WHAT YOU SHOULD DO —
Beginning with the line that contains "Los jugadores de", retype the entries below exactly, ending with the line that contains "[OSEN=박준형 기자] 12일". Leave out any pictures.

RECORDS PROVIDED —
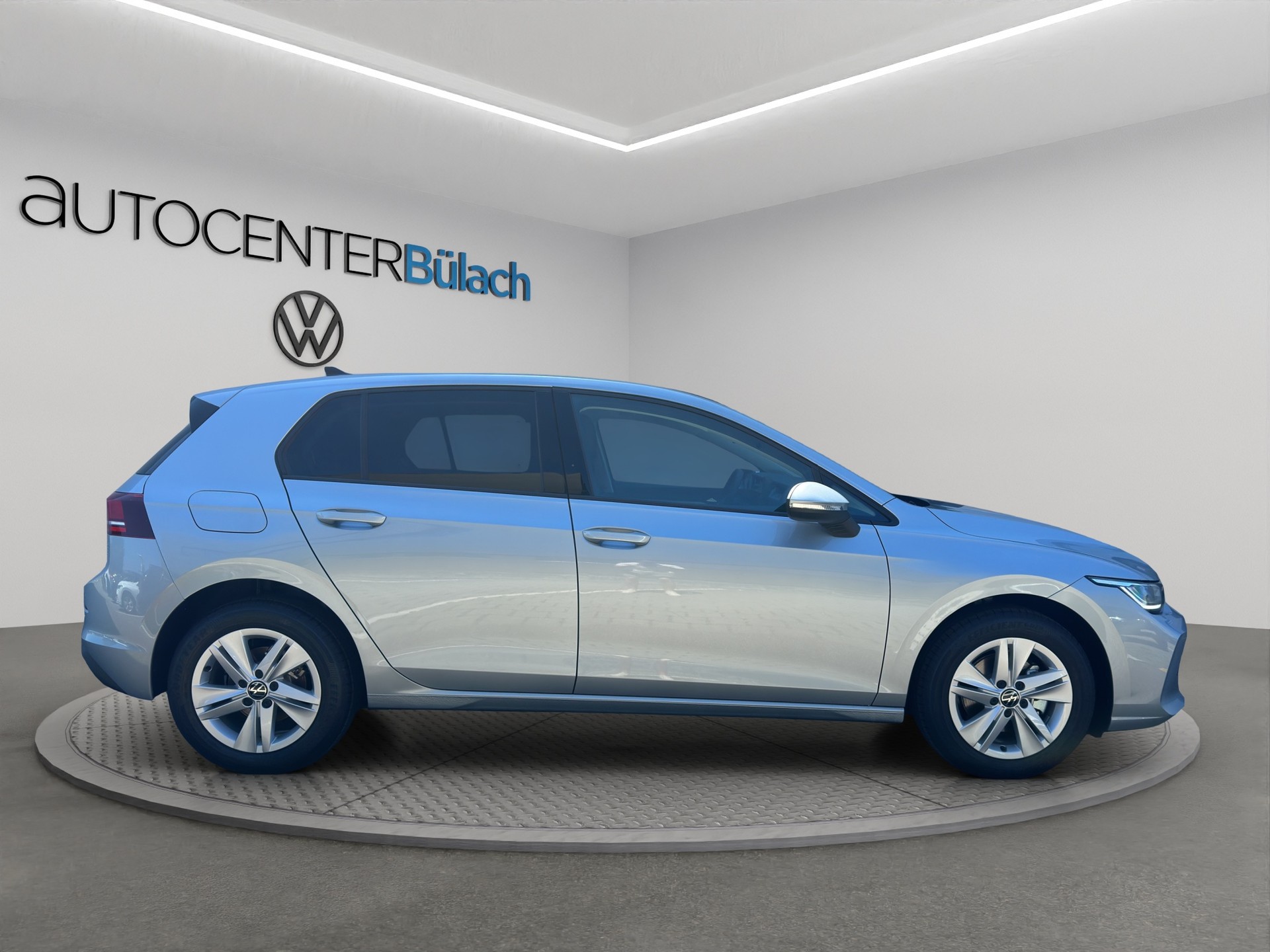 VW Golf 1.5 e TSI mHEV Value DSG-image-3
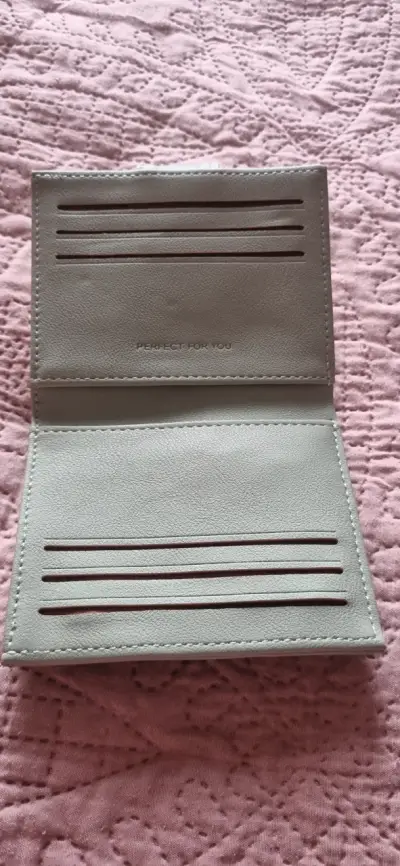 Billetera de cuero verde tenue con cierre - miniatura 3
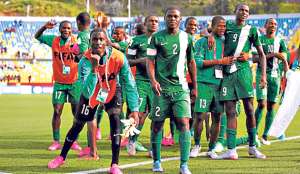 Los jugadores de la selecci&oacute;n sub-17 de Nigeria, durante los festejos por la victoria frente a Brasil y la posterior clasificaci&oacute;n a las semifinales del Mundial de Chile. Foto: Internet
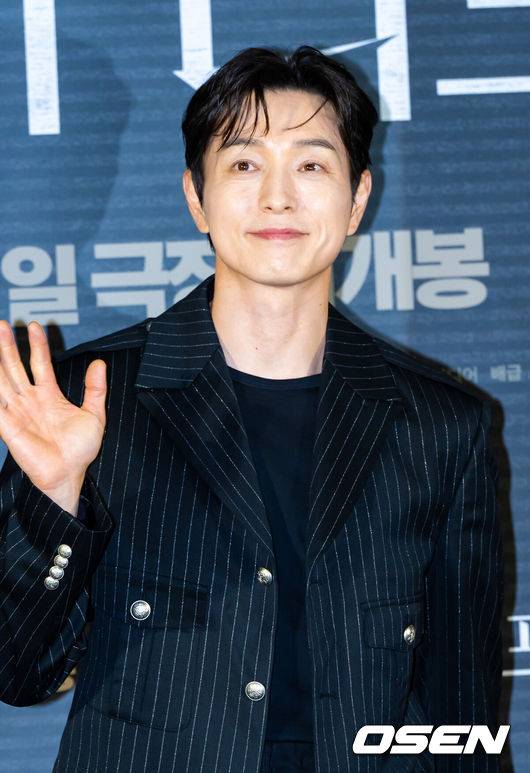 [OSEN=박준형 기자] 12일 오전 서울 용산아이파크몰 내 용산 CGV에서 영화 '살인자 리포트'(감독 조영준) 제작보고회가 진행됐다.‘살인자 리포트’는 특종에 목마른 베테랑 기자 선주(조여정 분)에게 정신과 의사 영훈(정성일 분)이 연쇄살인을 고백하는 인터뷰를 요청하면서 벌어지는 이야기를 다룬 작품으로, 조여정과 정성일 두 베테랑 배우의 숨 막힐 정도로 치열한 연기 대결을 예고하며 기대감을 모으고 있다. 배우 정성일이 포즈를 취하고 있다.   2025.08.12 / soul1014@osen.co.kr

---

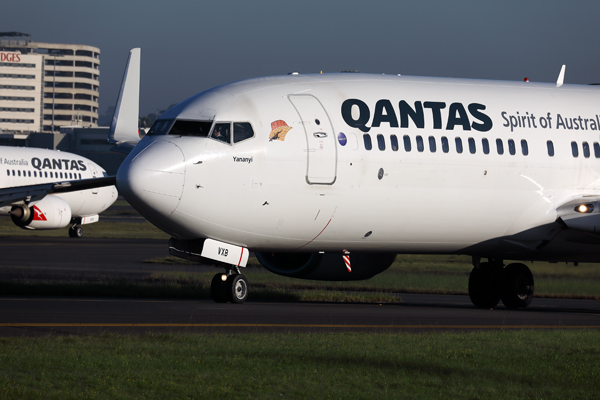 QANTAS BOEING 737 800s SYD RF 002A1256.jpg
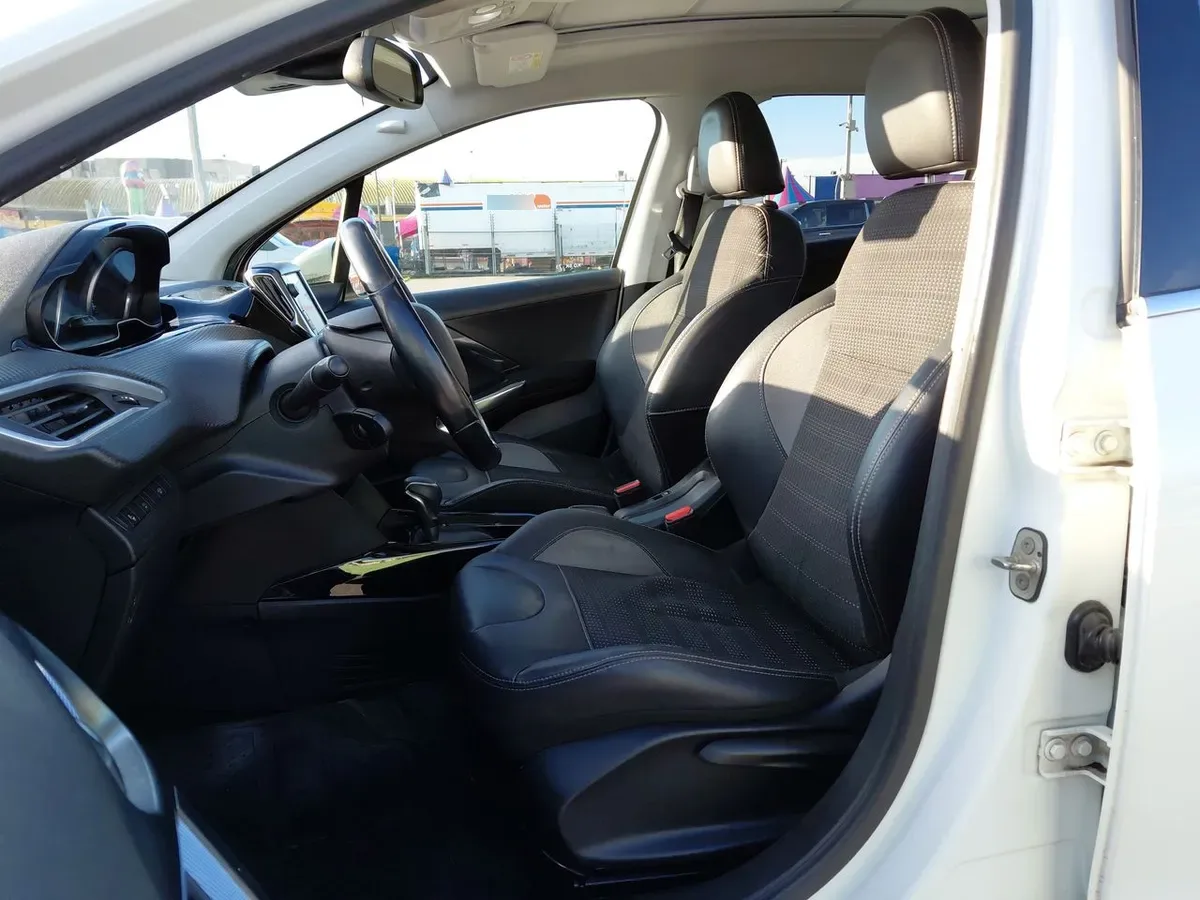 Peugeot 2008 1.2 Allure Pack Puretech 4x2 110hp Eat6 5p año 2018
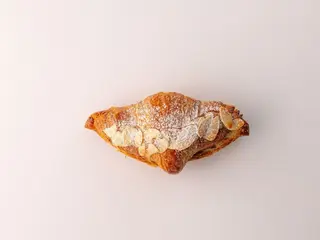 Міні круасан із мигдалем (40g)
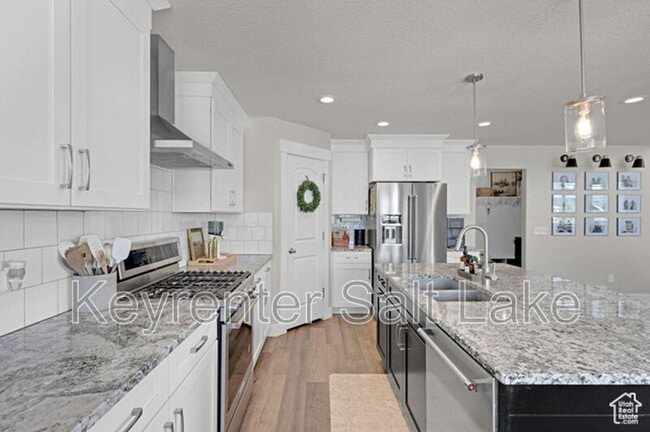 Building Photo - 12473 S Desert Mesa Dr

ANSWER BELOW —
 Los jugadores de la selecci&oacute;n sub-17 de Nigeria, durante los festejos por la victoria frente a Brasil y la posterior clasificaci&oacute;n a las semifinales del Mundial de Chile. Foto: Internet
 [OSEN=박준형 기자] 12일 오전 서울 용산아이파크몰 내 용산 CGV에서 영화 '살인자 리포트'(감독 조영준) 제작보고회가 진행됐다.‘살인자 리포트’는 특종에 목마른 베테랑 기자 선주(조여정 분)에게 정신과 의사 영훈(정성일 분)이 연쇄살인을 고백하는 인터뷰를 요청하면서 벌어지는 이야기를 다룬 작품으로, 조여정과 정성일 두 베테랑 배우의 숨 막힐 정도로 치열한 연기 대결을 예고하며 기대감을 모으고 있다. 배우 정성일이 포즈를 취하고 있다.   2025.08.12 / soul1014@osen.co.kr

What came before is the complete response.